As I concluded my clinical training in Boston, challenging times unfolded in my home country, Venezuela. Staying in the United States emerged as the best option for our growing family, but I needed a special permit, a “waiver,” to work in this country. An opportunity arose in Florida, but we preferred to stay in Boston.
One morning, I heard on the radio referencing an article from the Boston Globe stating that there weren’t enough anesthesiologists in Massachusetts. Operating rooms were being shut down, surgeries were being canceled, and pain clinics were postponing appointments. I sought out the article, cut it out, and wrote a letter to the State Department of Health, explaining my situation and expressing that, if granted the waiver, I would stay to help resolve the crisis we were facing.
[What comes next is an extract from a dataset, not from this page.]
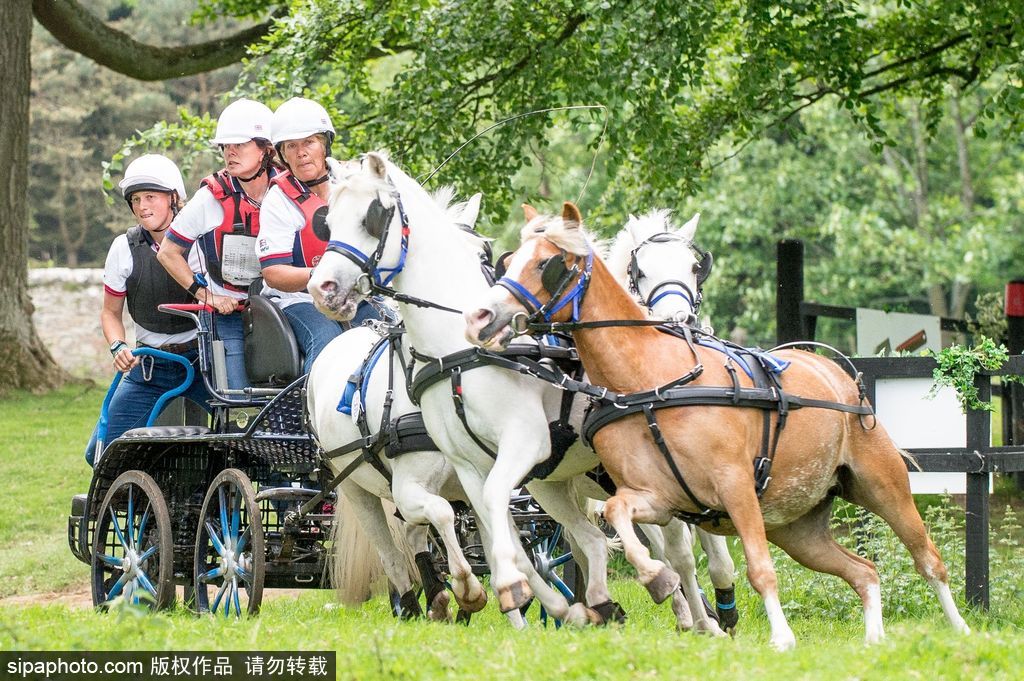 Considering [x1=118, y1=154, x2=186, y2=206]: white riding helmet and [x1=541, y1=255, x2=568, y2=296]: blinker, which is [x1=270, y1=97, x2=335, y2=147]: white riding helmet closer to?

I put the article and the letter in a manila envelope, added an extra stamp, and dropped it in the mailbox (email was not yet commonly used).
Two or three weeks later, I received a response from the Department thanking me for my interest and telling me something I already knew before sending the letter: “these waivers are only for primary care physicians; anesthesiologists do not qualify.” As my mother, Dorita Aroca de Azocar, had taught me, “knocking on the door isn’t the same as entering”.
A couple of months later, I got a message on the pager saying, “They’re calling from the Department of Health, call this number.” I didn’t even remember the letters. Fearful of being in trouble, I called immediately. The person on the other end said, “Dr. Azócar, last night the Board of Directors of the Department met and decided to approve two waivers for anesthesiologists this year, and since you contacted us in the recent past, one of them is for you if you want it.” I accepted immediately, and the rest of my professional life until now has been in our home state of Massachusetts. This event allowed many other foreign anesthesiologists to stay in our state with the required waivers after me. As my mother would have also said: “but there’s no worse errand than the one left undone.”
Often, when we want something, there’s something or someone telling us it’s not possible, it’s difficult, don’t even think about it. At that point, we could “throw in the towel” and set aside that goal or dream. Or, we can “knock on the door” and do “that errand” (no matter how annoying it might be), and the door opens, and the errand brings about the ending one desires.